However whilst this team may not have the reputation of UNO, Huck or MUD, Swampybarg had already made their mark in Cincinatti dispatching Malafarma 15-1 earlier in pool play. This routing was the biggest margin of victory so far at WUCC, and would likely remain so for the whole tournament. Malafarma caused Iceni considerably more trouble until 9-9, before a late game push saw Iceni take it 15-10. It is unfair to remove contexts when comparing teams’ results; Malafarma clearly found an inspiration against Iceni that they couldn’t when up against Swampybarg. However what was certain going into their matchup was that both teams are serious contenders.

 

Both teams took a turn each as they settled into the first point, but Iceni broke through early with Grainne McCarthy finding Sophie Wharton confidently for the 2-1 lead. Iceni were finding early form here, and after the disc floated over one of Swampybarg’s superstars, Saori Inoue, Iceni took advantage again and calmly scored another break. The half continued to be a display of intense, exceptionally clean ultimate with minimal calls and very quick points. Swampybarg bit back after winning a short field from an Iceni drop, and quickly looping a blade to the break side. Iceni wouldn’t let momentum grow for the Japanese however, with Sonia Komenda breaking the mark effortlessly washing away any recent memories of conceding a break with a confident assist to Maya Mileck.

 

Withi Iceni receiving 8-7 up after half, the rapid exchange of points halted for a moment as both teams raised their defense, jostling for the second-half momentum. This monster point included six turnovers alone between the teams, many on long range efforts as both sides attempted to capitalise. On what would eventually be a successful attack on the Swampybarg endzone, Jackie Veralls completed a huge possession saving layout before flipping an assist to Qiao Yan Soh. One of the youngest and newest recruits along with Claire Baker, Joyce Kwok and Leila Denniston (on loan from London’s Deep Space), Yan coolly stepped up in this match contributing a further goal and assist on top of this across the game. So – as Iceni asked each other – what’s cooler than being cool? Well – following this up with another break in quick succession. A rare drop from Inoue gave Iceni a short field, but they couldn’t convert initially as the huck faded away from Wharton. On second asking, Iceni made sure – Sonia Komenda’s powerhouse handling stepping up another notch with an un-defendable low backhand pivot securing another advantage for Iceni. Lend me some sugar, they shouted. I am your neighbour. Iceni were just about taking control, and they were very clearly enjoying it.

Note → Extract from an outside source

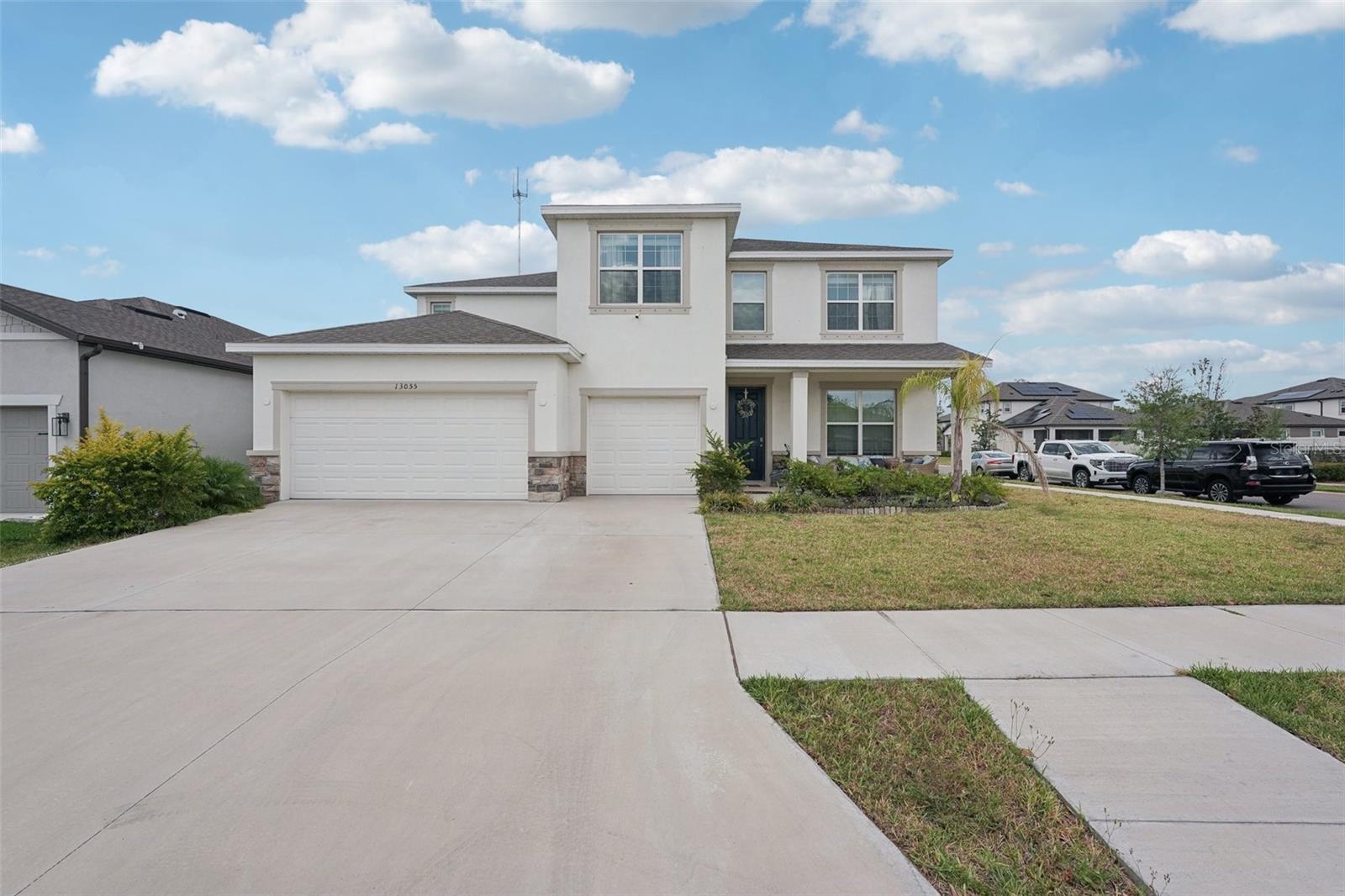 RENT TO OWN OPTION! Looking for the perfect blend of space, style, and community? This stunning 4-bedroom PLUS OFFICE, 3.5-bath home in Riverview’s Cedarbrook community might just be everything you’ve been searching for. With a dedicated home office, a spacious loft, and multigenerational in-law suite, there's room for everyone—whether you're working from home, hosting guests, or growing your family. The open floor plan is filled with natural light, and the kitchen is a true centerpiece, featuring granite countertops, 42” solid cabinets with crown molding, stainless steel appliances, and soaring 9'4" ceilings that make the whole space feel bright and welcoming. One of the standout features of this home is the storage—every bedroom comes with its own walk-in closet, providing plenty of space for clothes, shoes, and everything in between. No more crowded drawers or fighting over closet space—everyone gets their own! And with solid concrete block construction on both the first and second stories, the home offers lasting durability and energy efficiency. You’ll also enjoy the convenience of a smart home system, putting control of lights, locks, and security right at your fingertips.
Pet owners will love the nearly next-door dog park—so close it feels like your own private play space for your furry friend. And when it's time to relax or have fun, Cedarbrook delivers with resort-style amenities including a sparkling pool, a welcoming clubhouse, pickleball courts, a playground, and scenic walking trails. Even a private childcare facility within the community to make life a little more convenient. The location is just as ideal—Riverview offers easy access to I-75 and US-301, making your commute to MacDill AFB, Tampa, St. Pete, or Bradenton a breeze. Plus, you’re close to great schools, restaurants, shopping, parks, and only a short drive to the beautiful Gulf beaches. This isn’t just a house—it’s a place to call home. Schedule your private tour today!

Photo by Jolie Lang for UltiPhotos

Swampybarg responded with intent however – clawing back another break and keeping the game very exciting for the neutral. Iceni’s O line looked as confident as it had all game, but after an errant pass the Japanese got the turn they were looking for, and wasted no time over sending a looping shot to the endzone to make it 10-9 Iceni. The masterclass continued from both teams, with faultless ultimate until 13-12. Gifted a short field after a slippery Iceni release, the Swampybarg leadership pounced again, scoring the crucial upwind goal and punishing one of the very few mistakes made in the game. 

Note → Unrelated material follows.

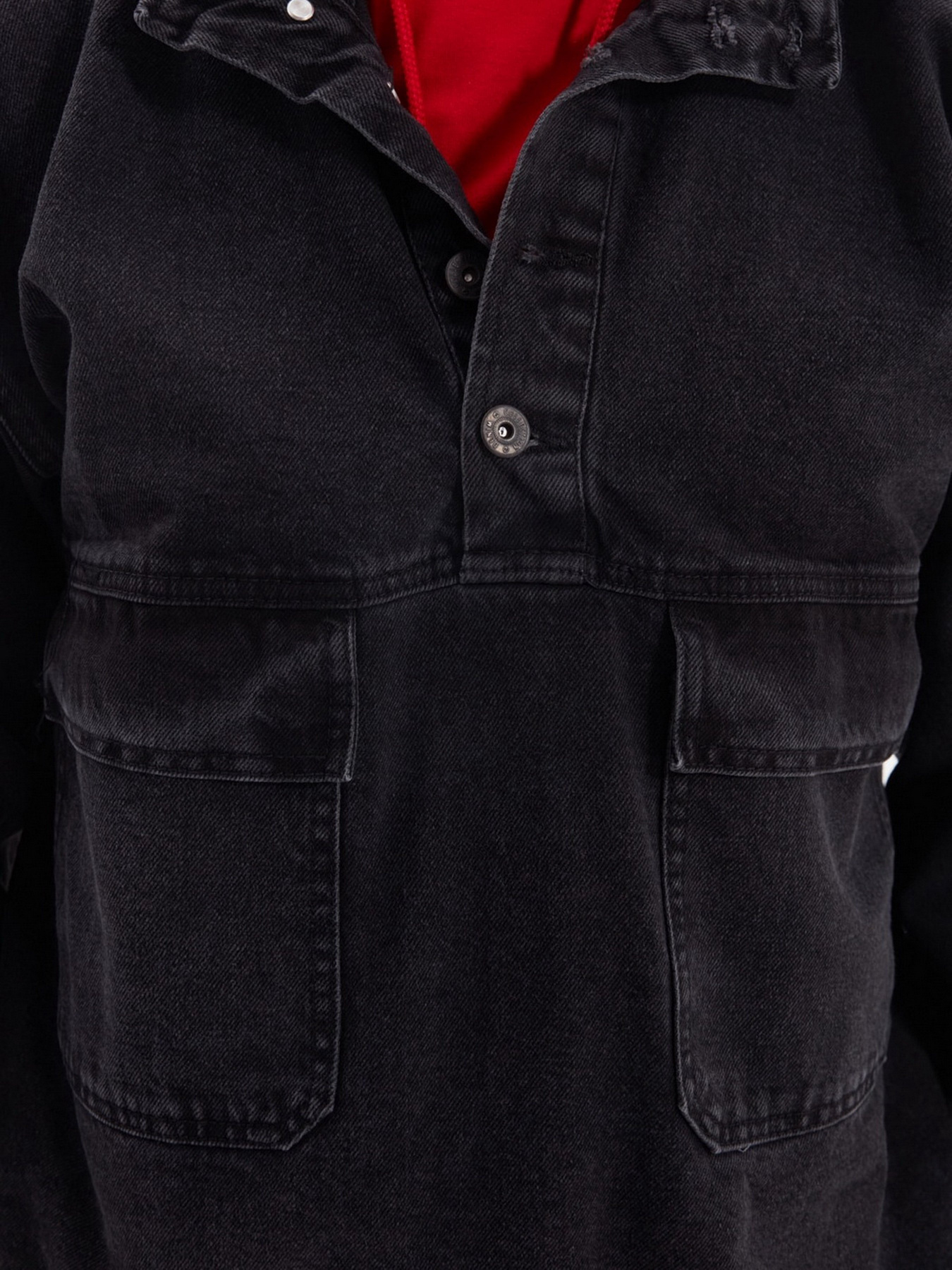 Джинсовая куртка Trendyol модель TMNAW22CE0097/Antrasit Фото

With both sides even at 13-13 after 80 minutes of play, Iceni adopted the elite poise they’ve generally been associated with over the last decade, threading pass after pass around the Japanese. Defensive pressure was still intense, and game pressure the highest yet by far but after a long possession Iceni put in yet another rock solid goal: 14-13. Before this match, schedule hawks may well have doubted Iceni’s chances. Since they broke an almost perfect run of European and domestic dominance, the team has been squeezed by the double pressure of endlessly high legacy expectations, and somehow also the failure of meeting these same expectations. It will have felt good, then, as they followed up on their hold with a block on the reset from Komenda, which shortly after ended up with a goal to the talismanic and still unstoppable Veralls to take the win on their terms, from defense. Ice cold.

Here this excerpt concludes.